* [Aim of the task]: All of the listing, from first line to last, should be output exactly; the pictures stay out.

* [Data block]:
■ ■ ■ ■ ■ ■ ■

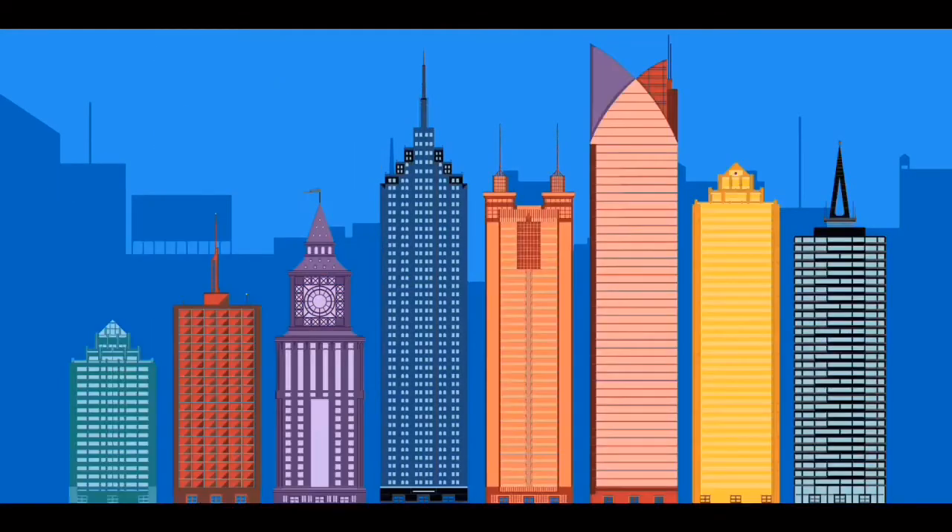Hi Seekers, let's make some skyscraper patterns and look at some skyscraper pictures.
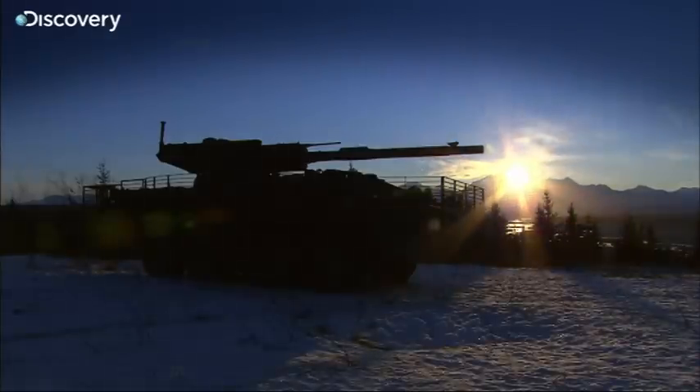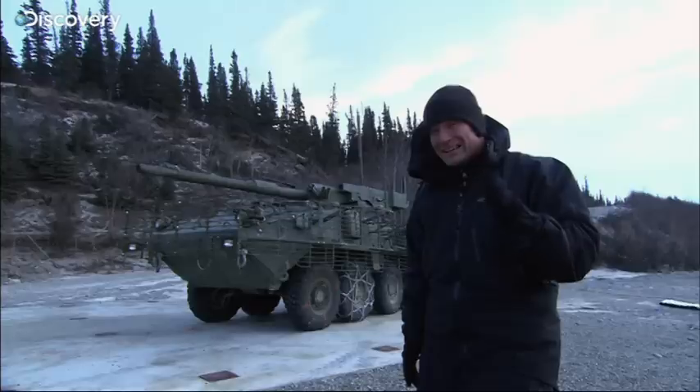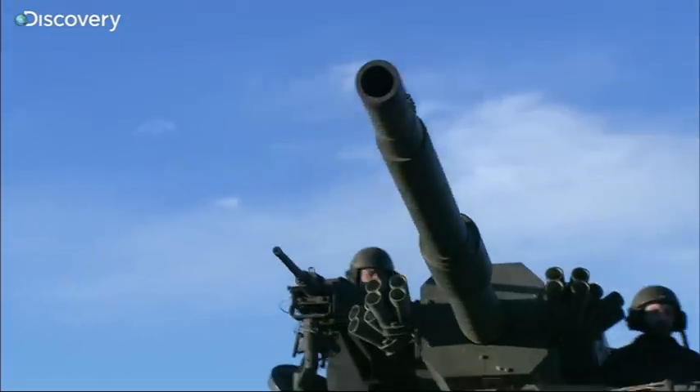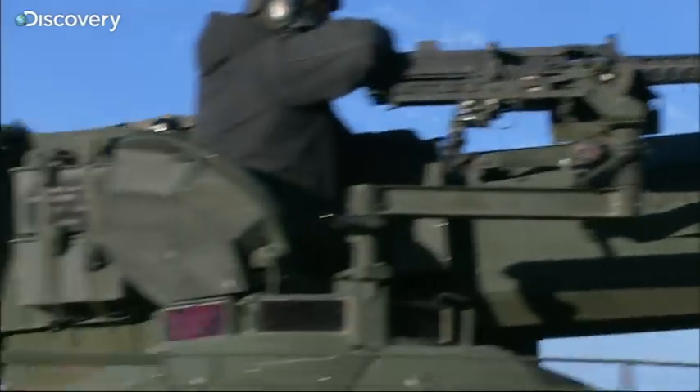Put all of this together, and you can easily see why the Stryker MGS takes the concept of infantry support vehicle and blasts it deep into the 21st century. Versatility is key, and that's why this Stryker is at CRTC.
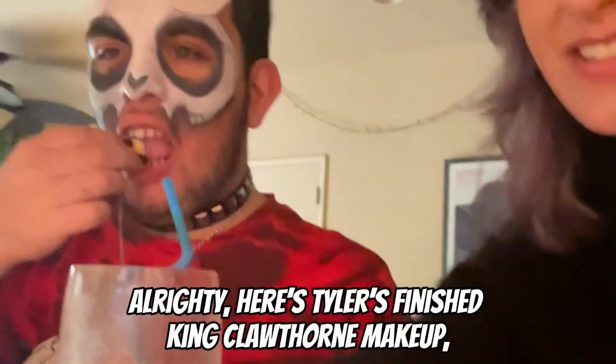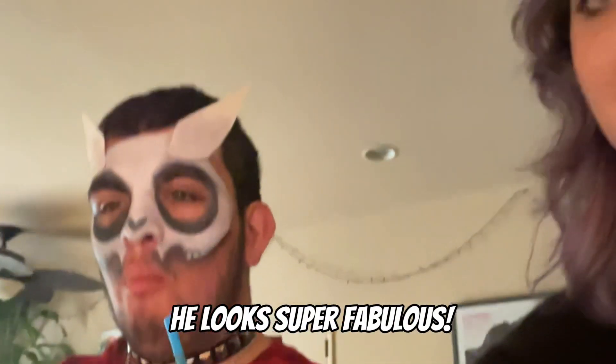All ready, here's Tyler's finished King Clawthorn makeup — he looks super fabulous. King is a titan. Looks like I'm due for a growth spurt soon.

■ ■ ■ ■ ■ ■ ■

* [Output of the exercise]:
Hi Seekers, let's make some skyscraper patterns and look at some skyscraper pictures.
Put all of this together, and you can easily see why the Stryker MGS takes the concept of infantry support vehicle and blasts it deep into the 21st century. Versatility is key, and that's why this Stryker is at CRTC.
All ready, here's Tyler's finished King Clawthorn makeup — he looks super fabulous. King is a titan. Looks like I'm due for a growth spurt soon.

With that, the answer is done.